Directions for this task: Filter the records for "showing" and keep each line that has it.

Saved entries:
*** Block opens ***

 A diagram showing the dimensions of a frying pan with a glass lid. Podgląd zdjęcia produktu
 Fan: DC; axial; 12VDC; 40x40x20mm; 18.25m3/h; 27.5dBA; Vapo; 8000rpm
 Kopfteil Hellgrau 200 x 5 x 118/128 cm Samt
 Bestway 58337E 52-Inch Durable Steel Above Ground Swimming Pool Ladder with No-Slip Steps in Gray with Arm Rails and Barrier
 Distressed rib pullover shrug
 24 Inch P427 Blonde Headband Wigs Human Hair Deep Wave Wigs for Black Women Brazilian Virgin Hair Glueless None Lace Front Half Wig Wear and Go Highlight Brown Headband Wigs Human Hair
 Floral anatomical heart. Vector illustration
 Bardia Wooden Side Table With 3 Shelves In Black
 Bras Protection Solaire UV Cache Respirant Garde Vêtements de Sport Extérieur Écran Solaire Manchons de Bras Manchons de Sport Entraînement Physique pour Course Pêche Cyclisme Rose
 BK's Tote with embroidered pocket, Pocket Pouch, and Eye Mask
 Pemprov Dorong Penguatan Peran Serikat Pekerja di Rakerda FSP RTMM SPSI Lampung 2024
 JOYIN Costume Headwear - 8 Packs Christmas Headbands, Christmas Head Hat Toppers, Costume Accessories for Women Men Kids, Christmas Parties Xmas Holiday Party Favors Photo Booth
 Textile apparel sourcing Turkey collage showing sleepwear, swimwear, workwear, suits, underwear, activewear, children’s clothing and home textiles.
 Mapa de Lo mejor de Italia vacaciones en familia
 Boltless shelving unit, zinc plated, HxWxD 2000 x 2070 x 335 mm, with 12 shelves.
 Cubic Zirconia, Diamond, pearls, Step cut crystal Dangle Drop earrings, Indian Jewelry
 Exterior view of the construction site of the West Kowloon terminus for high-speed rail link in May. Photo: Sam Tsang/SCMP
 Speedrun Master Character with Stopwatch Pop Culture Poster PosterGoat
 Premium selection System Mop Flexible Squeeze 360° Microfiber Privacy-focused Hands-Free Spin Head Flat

*** Block closes ***

Solution:
 A diagram showing the dimensions of a frying pan with a glass lid. Podgląd zdjęcia produktu
 Textile apparel sourcing Turkey collage showing sleepwear, swimwear, workwear, suits, underwear, activewear, children’s clothing and home textiles.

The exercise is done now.